If AutoClerk determines that you need to be brought in, the customer will normally contact you directly. You should then contact us, and we will go over the problem together and lay out a plan of attack. The idea is that by the customer calling you, you know you have the authorization needed to act. By talking to us, rather than the customer, you get accurate information on a technical level and the customer is not brought into the middle.
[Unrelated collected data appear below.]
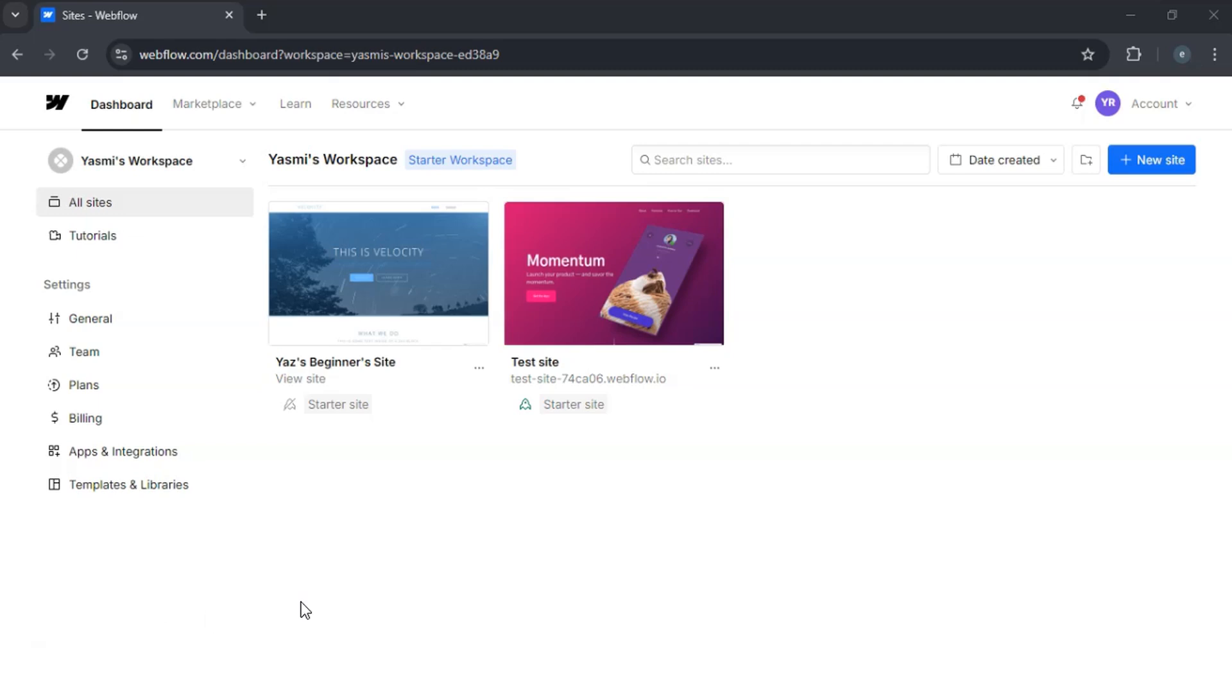First, make sure the recipient has a Webflow account. In your Webflow dashboard, locate the project you want to transfer.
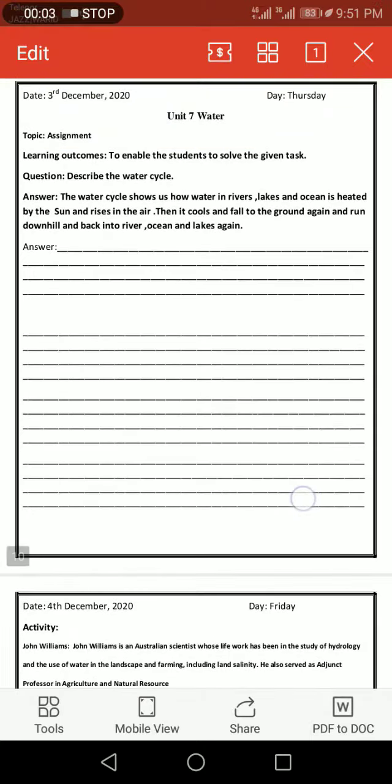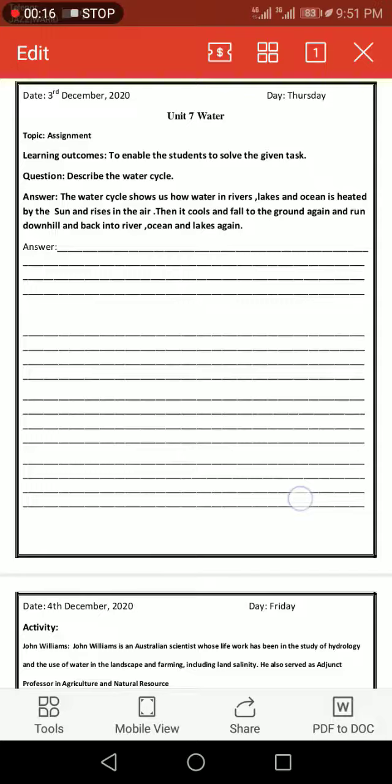Assalamu alaikum students, how are you? Today my unit is Unit 7. You know Unit 7 is about water, and today we will solve the question and you will learn and write on winter pack. The first question...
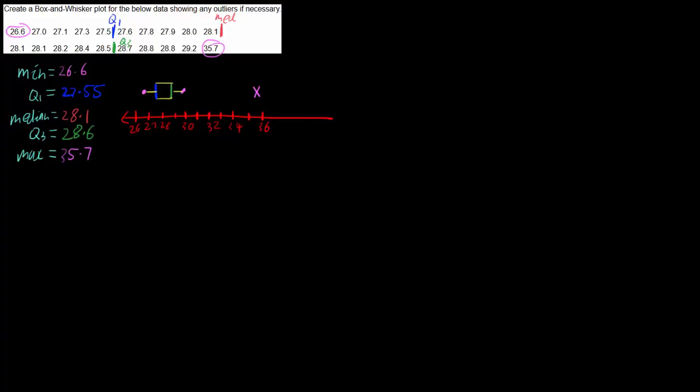Which is at 28.1, which is around about here. So that's a box and whisker plot showing the fact that we have an outlier. You can obviously tell that this one's an outlier because the whisker, if we marked it in there, would extend all the way out here which is way out of the rest of the numbers.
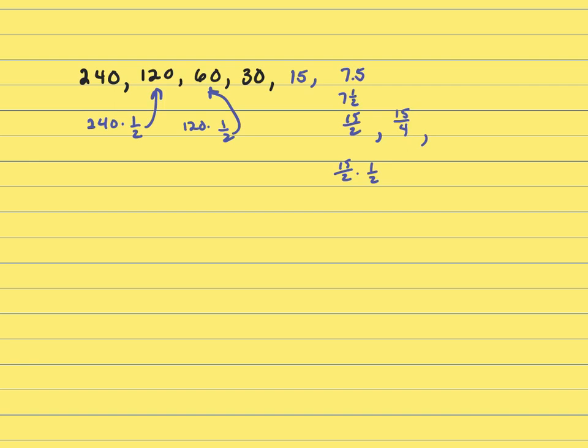Now, multiply 15 over 4 times ½, and that's 15 over 8, and that's still more than 1.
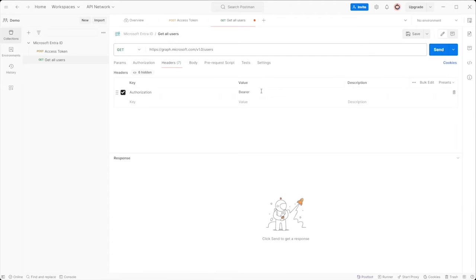If you are unsure how to create a new token, I explain this process in a video titled how to create a Postman API access token. You can find the link in the video description below.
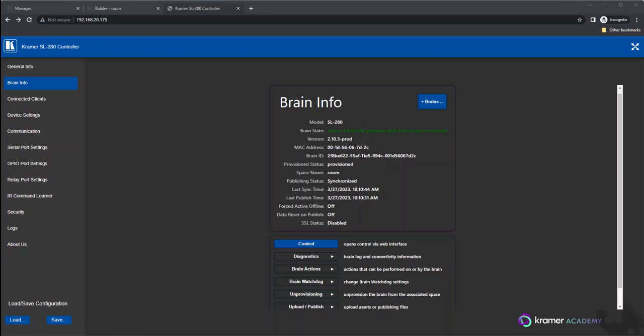GUI deep linking allows programmers to use a unique URL to launch directly into any interface and open a particular page if multiple pages are used within the GUI.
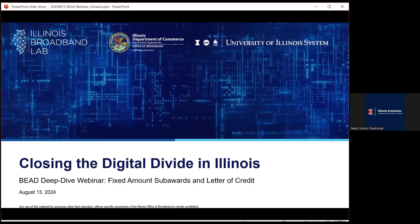Good morning, everyone. I am Nancy Woodrago with University of Illinois Extension Community and Economic Development, and we're happy to host another session with Devin Bronstein today and her colleagues from the Illinois Office of Broadband. I'm happy to co-host this series with the Illinois Office of Broadband and the Illinois Broadband Lab. Happy to welcome Devin, who's going to kick off today's session and introduce additional presenters.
Should the customer contact you directly to work on the system, even if it seems non-AutoClerk related, we must be contacted ahead of time so we can determine if an AutoClerk technician will need to be available or is required. Upon arriving at the property, we need to be contacted so we can make sure proper steps are done to assure the smooth operation of the property. Once finished, contact us again, so we can run tests to make sure AutoClerk is running properly.
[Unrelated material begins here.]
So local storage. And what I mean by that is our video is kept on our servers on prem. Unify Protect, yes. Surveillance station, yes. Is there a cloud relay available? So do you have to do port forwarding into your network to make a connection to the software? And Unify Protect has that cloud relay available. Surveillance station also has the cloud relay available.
As the network administrator, you are responsible for supporting the property's data security as stated in the PCI DSS. This includes but is not limited to:

a) Antivirus - Many of our customers use McAfee or Norton. (ALL computers on the network MUST have an antivirus program installed. It must be kept running at all times, and be enabled for automatic updates to ensure they are current with security patches. They must also be capable of detecting, removing and protecting against other forms of malware. (PCI DSS Req. 5)
b) Internet Firewall - AutoClerk requires a hardware firewall, however if you enable a software firewall in addition, then port 11193 MUST be opened in order for AutoClerk to run. (PCI DSS Req. 1)
c) Physical security of the dedicated server, if used. (PCI DSS Req. 9)
d) Regular testing of the security of the entire network. (PCI DSS Req. 11)
e) Internal network security, including, but not limited to unique user names and passwords for ALL users; password rules and maintenance; user permissions; and enabling logs to track access.

The property's PCI DSS compliance depends, in part, on the set up and installation of the network hardware and software. Deviation from the above specifications will make the property NON-PCI DSS compliant as well as vulnerable to breaches. It is the property's responsibility to see that their system is set up and installed in a PCI DSS complaint manner and that it is maintained to continue its compliancy.